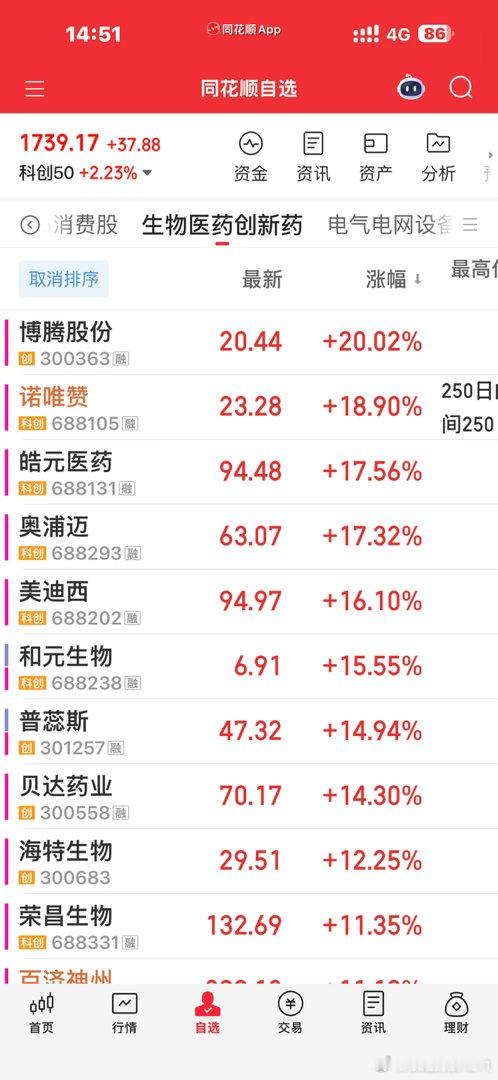 昨天的百济和荣昌今天全部大幅反包。港股创新药ETF新高，零上金叉形成，这一波就是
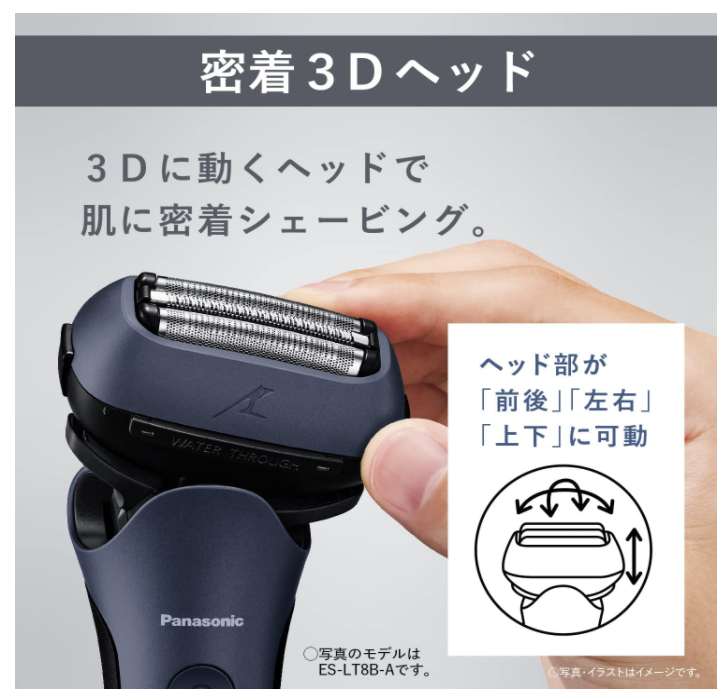 Panasonic 國際牌 LT2B LT2P LT4B LT4P LT6B LT6P LT8B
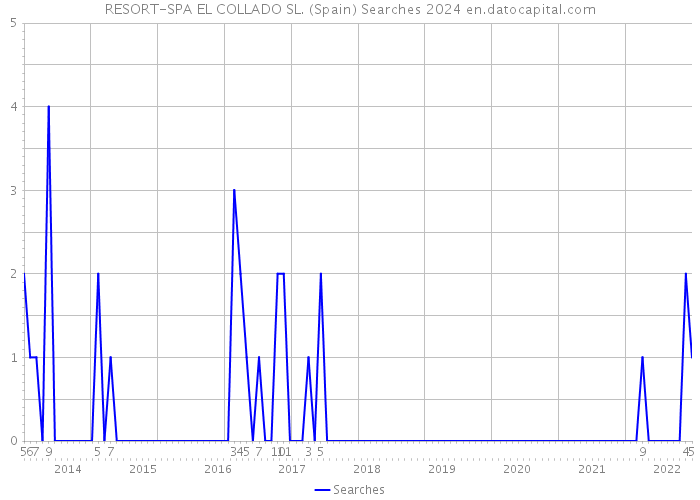 RESORT-SPA EL COLLADO SL. (Spain) Searches 2024 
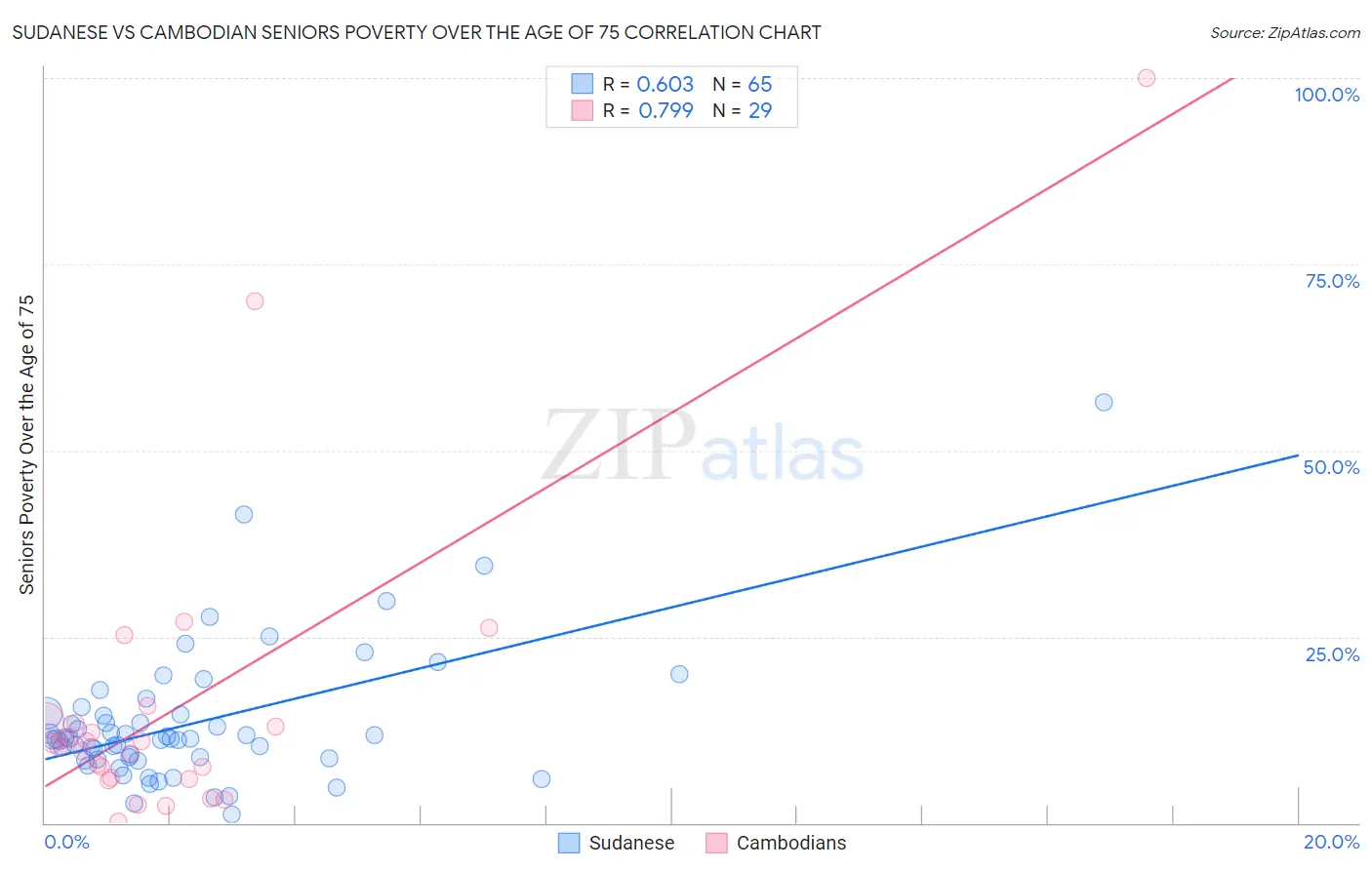 Sudanese vs Cambodian Seniors Poverty Over the Age of 75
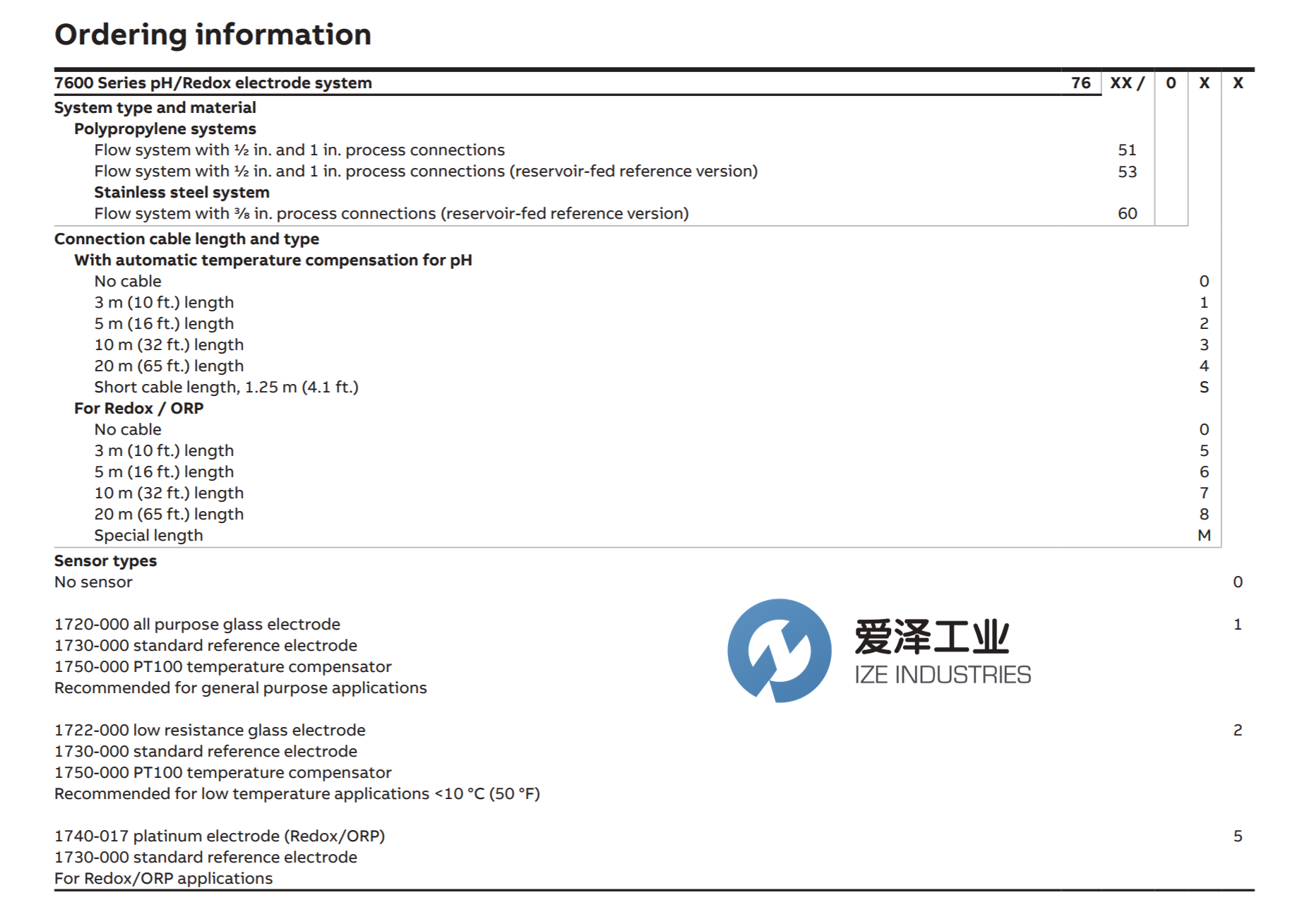 ABB PH电极7660系列 爱泽工业 izeindustries（1）.png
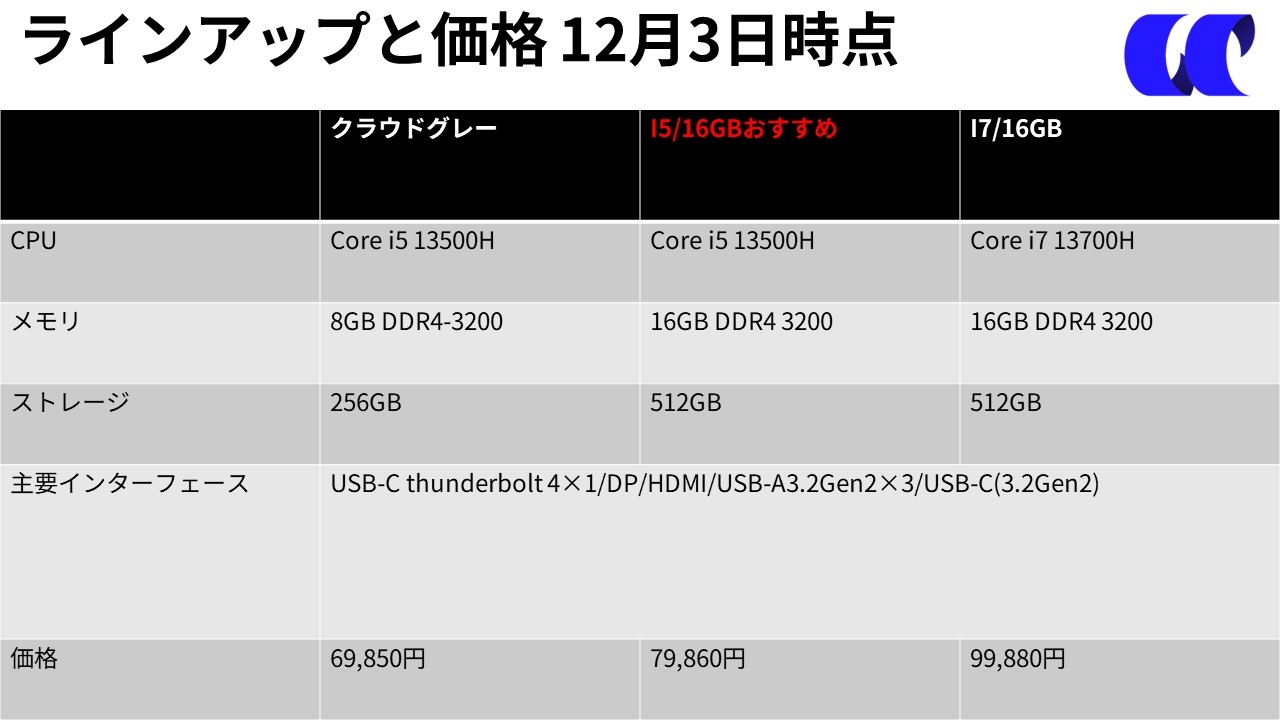 IdeaCentre Mini Gen 8 レビュー 6万円台から買えるレノボの高性能ミニ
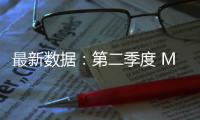 最新数据
：第二季度 Mac 电脑全球出货量达 620 万台
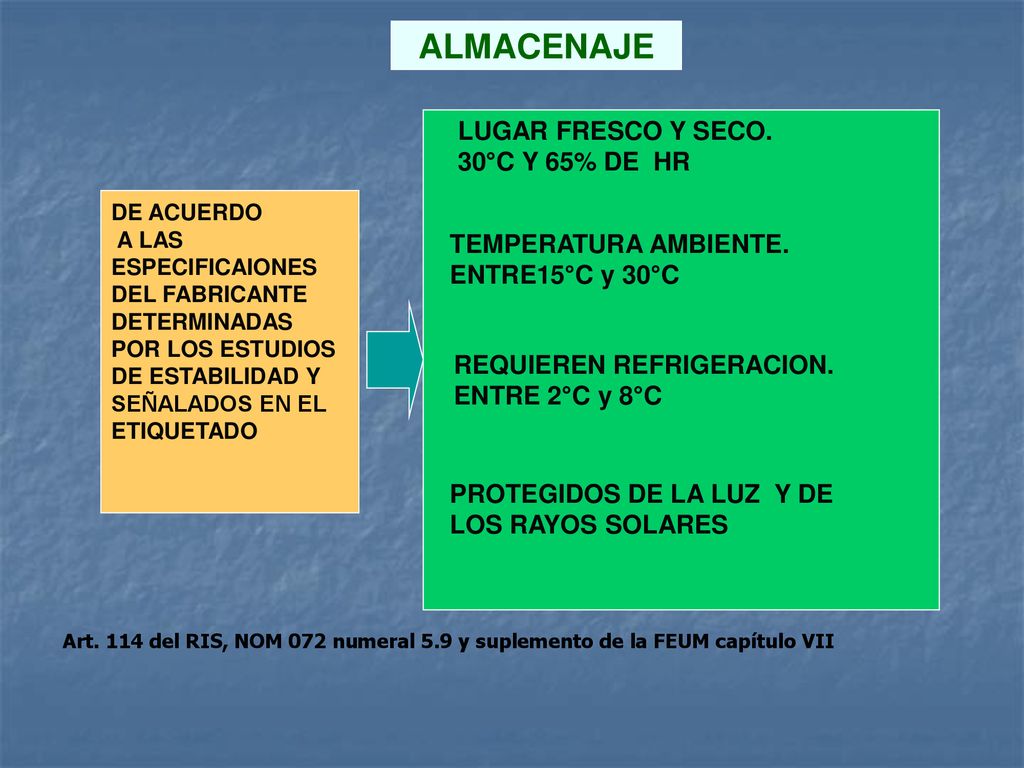 ALMACENAJE LUGAR FRESCO Y SECO. 30°C Y 65% DE HR TEMPERATURA AMBIENTE.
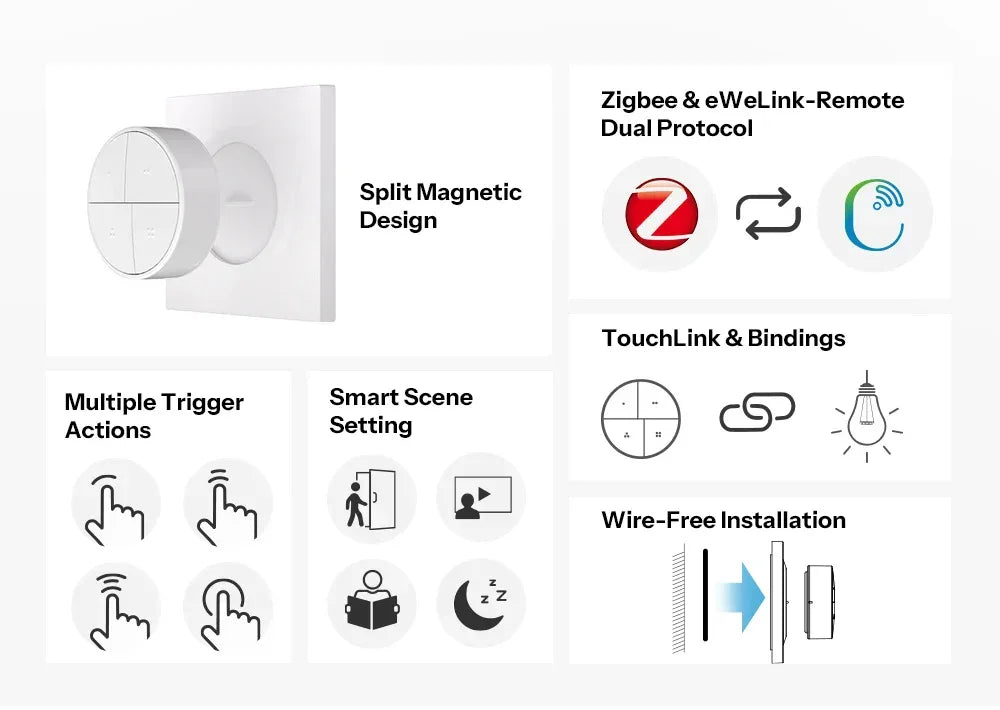 SONOFF Orb 4-In-1 Zigbee Smart Scene Button Split Magnetic Design Zigbee & eWeLink-Remote Dual Protocol Multiple Trigger Actions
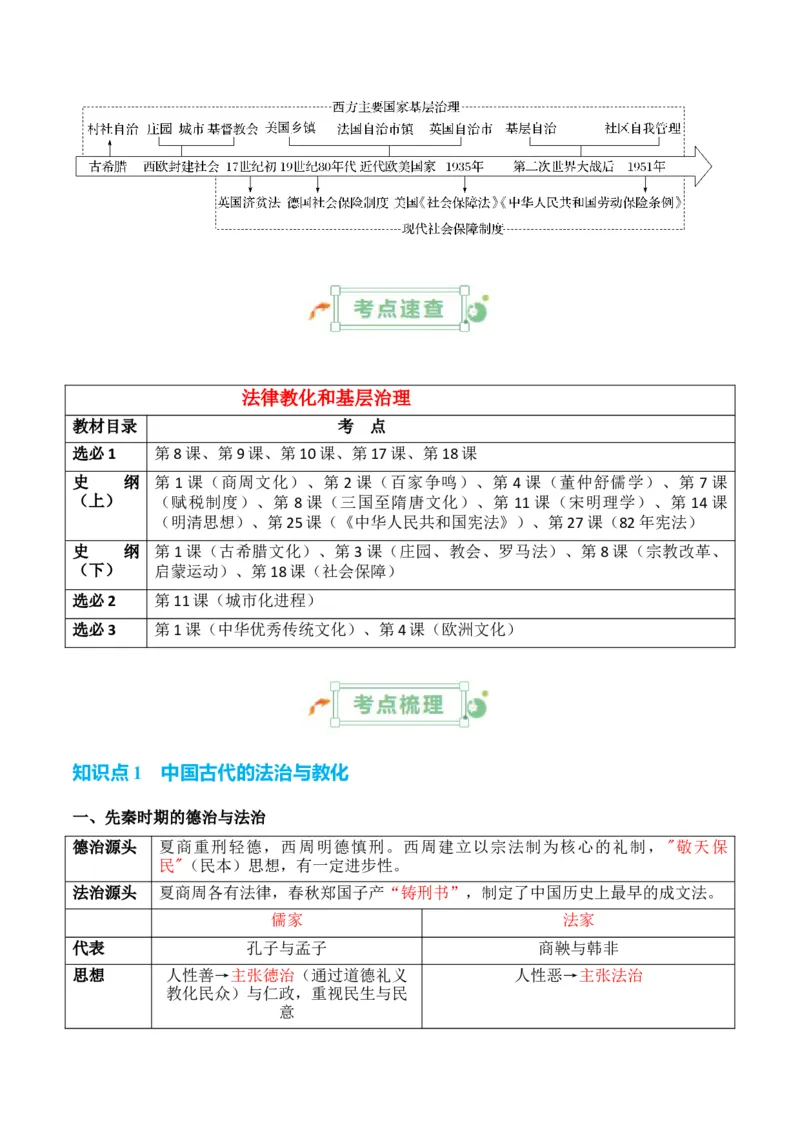 专题13++法律教化和基层治理+-2025年高考历史一轮复习知识清单_2025年新高考资料_一轮复习_2025年高考历史一轮复习知识清单（完结）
◇ ◇ ◇ ◇
▸ **What you will do**
Write out, word for word, only the lines from the one containing "RESORT-SPA EL COLLADO" to the end of the data above; the pictures stay out.

▸ **Response below**
 RESORT-SPA EL COLLADO SL. (Spain) Searches 2024 
 Sudanese vs Cambodian Seniors Poverty Over the Age of 75
 ABB PH电极7660系列 爱泽工业 izeindustries（1）.png
 IdeaCentre Mini Gen 8 レビュー 6万円台から買えるレノボの高性能ミニ
 最新数据
：第二季度 Mac 电脑全球出货量达 620 万台
 ALMACENAJE LUGAR FRESCO Y SECO. 30°C Y 65% DE HR TEMPERATURA AMBIENTE.
 SONOFF Orb 4-In-1 Zigbee Smart Scene Button Split Magnetic Design Zigbee & eWeLink-Remote Dual Protocol Multiple Trigger Actions
 专题13++法律教化和基层治理+-2025年高考历史一轮复习知识清单_2025年新高考资料_一轮复习_2025年高考历史一轮复习知识清单（完结）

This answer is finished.